Your objective:
Go to the line holding "MEETING DONALD TRUMP & HILLARY CLINTON!" in the entries below and write out exactly every line down to and including the line holding "Item preview, Printer".

Short text fragments from websites:
========================================================================

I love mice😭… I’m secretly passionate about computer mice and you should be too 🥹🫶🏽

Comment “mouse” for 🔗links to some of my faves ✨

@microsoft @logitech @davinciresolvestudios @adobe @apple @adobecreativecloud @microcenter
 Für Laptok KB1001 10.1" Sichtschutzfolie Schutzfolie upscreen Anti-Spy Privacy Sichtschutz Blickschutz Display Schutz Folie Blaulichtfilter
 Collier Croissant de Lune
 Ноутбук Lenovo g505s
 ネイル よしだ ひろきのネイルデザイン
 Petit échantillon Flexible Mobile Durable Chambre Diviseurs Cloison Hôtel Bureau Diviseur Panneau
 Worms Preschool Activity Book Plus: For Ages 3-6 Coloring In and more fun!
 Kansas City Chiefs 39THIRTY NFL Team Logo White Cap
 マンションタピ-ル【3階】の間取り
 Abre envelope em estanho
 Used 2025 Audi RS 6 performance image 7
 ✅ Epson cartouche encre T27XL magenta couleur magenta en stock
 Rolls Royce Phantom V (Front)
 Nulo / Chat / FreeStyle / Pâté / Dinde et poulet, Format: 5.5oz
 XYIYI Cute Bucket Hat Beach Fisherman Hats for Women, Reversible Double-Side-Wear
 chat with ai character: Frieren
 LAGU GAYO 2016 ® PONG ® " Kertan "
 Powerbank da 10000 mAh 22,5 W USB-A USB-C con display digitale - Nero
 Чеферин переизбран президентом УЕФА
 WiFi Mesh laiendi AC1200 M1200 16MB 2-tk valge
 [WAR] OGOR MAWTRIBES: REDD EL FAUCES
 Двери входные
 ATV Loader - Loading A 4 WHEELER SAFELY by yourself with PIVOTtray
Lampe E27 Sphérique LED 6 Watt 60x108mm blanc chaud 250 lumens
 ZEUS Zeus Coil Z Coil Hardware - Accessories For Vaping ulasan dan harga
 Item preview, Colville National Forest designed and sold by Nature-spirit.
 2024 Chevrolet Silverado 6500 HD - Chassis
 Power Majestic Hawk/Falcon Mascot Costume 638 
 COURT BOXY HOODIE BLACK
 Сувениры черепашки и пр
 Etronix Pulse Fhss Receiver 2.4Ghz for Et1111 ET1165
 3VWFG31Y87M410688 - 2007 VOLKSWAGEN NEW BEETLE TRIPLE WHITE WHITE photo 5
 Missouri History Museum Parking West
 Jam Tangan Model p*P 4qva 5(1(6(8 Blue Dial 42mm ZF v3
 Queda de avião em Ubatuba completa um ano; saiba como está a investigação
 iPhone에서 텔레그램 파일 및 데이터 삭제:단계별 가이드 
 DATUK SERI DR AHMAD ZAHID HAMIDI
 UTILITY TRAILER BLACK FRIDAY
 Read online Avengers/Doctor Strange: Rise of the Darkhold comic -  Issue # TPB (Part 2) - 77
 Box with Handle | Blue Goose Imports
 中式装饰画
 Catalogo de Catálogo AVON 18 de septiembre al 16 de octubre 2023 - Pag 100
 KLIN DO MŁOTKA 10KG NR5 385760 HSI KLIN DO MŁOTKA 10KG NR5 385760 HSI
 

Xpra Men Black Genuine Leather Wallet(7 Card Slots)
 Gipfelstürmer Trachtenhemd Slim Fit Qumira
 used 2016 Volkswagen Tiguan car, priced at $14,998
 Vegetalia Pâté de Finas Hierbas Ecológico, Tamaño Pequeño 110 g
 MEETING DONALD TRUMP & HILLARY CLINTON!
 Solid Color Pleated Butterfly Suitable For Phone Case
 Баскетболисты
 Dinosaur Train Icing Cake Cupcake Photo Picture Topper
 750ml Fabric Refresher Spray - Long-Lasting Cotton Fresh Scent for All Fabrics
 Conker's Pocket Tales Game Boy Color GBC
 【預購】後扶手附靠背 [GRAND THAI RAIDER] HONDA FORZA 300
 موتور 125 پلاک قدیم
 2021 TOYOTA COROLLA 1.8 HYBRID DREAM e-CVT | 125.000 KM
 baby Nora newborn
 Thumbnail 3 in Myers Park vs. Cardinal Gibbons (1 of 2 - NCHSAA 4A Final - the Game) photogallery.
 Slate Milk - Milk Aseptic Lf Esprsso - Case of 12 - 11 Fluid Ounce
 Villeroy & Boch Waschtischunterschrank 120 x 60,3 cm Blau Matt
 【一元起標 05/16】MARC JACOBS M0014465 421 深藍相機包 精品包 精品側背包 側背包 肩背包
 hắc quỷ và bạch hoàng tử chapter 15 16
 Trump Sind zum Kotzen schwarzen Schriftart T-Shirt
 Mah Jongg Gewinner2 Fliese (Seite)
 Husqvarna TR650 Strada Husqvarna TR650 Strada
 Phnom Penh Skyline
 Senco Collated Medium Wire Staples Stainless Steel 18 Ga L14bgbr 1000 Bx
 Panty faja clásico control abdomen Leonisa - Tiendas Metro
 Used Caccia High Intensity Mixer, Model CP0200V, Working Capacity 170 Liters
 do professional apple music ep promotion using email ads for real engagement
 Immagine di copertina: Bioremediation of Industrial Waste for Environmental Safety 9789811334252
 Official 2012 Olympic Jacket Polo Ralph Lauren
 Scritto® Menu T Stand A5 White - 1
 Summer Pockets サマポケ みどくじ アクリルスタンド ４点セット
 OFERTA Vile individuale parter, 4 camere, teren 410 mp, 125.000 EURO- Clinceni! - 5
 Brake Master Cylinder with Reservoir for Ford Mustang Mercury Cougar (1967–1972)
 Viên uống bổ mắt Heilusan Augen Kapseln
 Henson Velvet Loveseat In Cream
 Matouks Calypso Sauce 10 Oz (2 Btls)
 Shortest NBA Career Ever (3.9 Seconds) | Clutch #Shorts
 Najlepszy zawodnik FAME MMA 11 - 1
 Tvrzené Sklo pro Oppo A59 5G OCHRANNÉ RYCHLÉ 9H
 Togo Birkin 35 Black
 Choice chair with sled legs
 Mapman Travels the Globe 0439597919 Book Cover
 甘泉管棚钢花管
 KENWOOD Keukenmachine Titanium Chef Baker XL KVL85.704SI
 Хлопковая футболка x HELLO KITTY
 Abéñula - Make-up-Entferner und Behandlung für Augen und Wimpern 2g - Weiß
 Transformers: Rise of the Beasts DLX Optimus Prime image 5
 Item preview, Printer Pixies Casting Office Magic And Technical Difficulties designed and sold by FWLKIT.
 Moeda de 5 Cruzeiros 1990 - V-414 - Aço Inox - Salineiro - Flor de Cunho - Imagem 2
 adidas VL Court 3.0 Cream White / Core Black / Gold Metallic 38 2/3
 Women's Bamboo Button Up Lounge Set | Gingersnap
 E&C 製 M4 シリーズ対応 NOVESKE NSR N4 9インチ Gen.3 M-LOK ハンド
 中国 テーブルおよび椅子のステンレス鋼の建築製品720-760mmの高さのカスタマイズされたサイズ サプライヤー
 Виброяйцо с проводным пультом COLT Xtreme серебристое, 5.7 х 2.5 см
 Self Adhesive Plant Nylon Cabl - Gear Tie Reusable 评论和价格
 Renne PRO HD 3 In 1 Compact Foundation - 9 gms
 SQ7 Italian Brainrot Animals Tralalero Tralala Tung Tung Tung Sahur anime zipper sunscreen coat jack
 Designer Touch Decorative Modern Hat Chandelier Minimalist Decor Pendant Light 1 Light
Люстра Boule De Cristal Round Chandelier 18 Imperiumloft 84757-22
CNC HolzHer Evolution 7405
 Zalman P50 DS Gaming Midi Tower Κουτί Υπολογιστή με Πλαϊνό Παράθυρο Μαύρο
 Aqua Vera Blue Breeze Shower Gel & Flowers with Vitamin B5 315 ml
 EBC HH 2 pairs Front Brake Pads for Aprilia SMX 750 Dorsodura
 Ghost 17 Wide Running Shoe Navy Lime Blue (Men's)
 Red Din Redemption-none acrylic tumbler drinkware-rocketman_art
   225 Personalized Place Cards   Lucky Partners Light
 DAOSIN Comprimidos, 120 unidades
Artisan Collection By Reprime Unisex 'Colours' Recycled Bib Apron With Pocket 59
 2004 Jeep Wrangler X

========================================================================

Exercise response:
 MEETING DONALD TRUMP & HILLARY CLINTON!
 Solid Color Pleated Butterfly Suitable For Phone Case
 Баскетболисты
 Dinosaur Train Icing Cake Cupcake Photo Picture Topper
 750ml Fabric Refresher Spray - Long-Lasting Cotton Fresh Scent for All Fabrics
 Conker's Pocket Tales Game Boy Color GBC
 【預購】後扶手附靠背 [GRAND THAI RAIDER] HONDA FORZA 300
 موتور 125 پلاک قدیم
 2021 TOYOTA COROLLA 1.8 HYBRID DREAM e-CVT | 125.000 KM
 baby Nora newborn
 Thumbnail 3 in Myers Park vs. Cardinal Gibbons (1 of 2 - NCHSAA 4A Final - the Game) photogallery.
 Slate Milk - Milk Aseptic Lf Esprsso - Case of 12 - 11 Fluid Ounce
 Villeroy & Boch Waschtischunterschrank 120 x 60,3 cm Blau Matt
 【一元起標 05/16】MARC JACOBS M0014465 421 深藍相機包 精品包 精品側背包 側背包 肩背包
 hắc quỷ và bạch hoàng tử chapter 15 16
 Trump Sind zum Kotzen schwarzen Schriftart T-Shirt
 Mah Jongg Gewinner2 Fliese (Seite)
 Husqvarna TR650 Strada Husqvarna TR650 Strada
 Phnom Penh Skyline
 Senco Collated Medium Wire Staples Stainless Steel 18 Ga L14bgbr 1000 Bx
 Panty faja clásico control abdomen Leonisa - Tiendas Metro
 Used Caccia High Intensity Mixer, Model CP0200V, Working Capacity 170 Liters
 do professional apple music ep promotion using email ads for real engagement
 Immagine di copertina: Bioremediation of Industrial Waste for Environmental Safety 9789811334252
 Official 2012 Olympic Jacket Polo Ralph Lauren
 Scritto® Menu T Stand A5 White - 1
 Summer Pockets サマポケ みどくじ アクリルスタンド ４点セット
 OFERTA Vile individuale parter, 4 camere, teren 410 mp, 125.000 EURO- Clinceni! - 5
 Brake Master Cylinder with Reservoir for Ford Mustang Mercury Cougar (1967–1972)
 Viên uống bổ mắt Heilusan Augen Kapseln
 Henson Velvet Loveseat In Cream
 Matouks Calypso Sauce 10 Oz (2 Btls)
 Shortest NBA Career Ever (3.9 Seconds) | Clutch #Shorts
 Najlepszy zawodnik FAME MMA 11 - 1
 Tvrzené Sklo pro Oppo A59 5G OCHRANNÉ RYCHLÉ 9H
 Togo Birkin 35 Black
 Choice chair with sled legs
 Mapman Travels the Globe 0439597919 Book Cover
 甘泉管棚钢花管
 KENWOOD Keukenmachine Titanium Chef Baker XL KVL85.704SI
 Хлопковая футболка x HELLO KITTY
 Abéñula - Make-up-Entferner und Behandlung für Augen und Wimpern 2g - Weiß
 Transformers: Rise of the Beasts DLX Optimus Prime image 5
 Item preview, Printer Pixies Casting Office Magic And Technical Difficulties designed and sold by FWLKIT.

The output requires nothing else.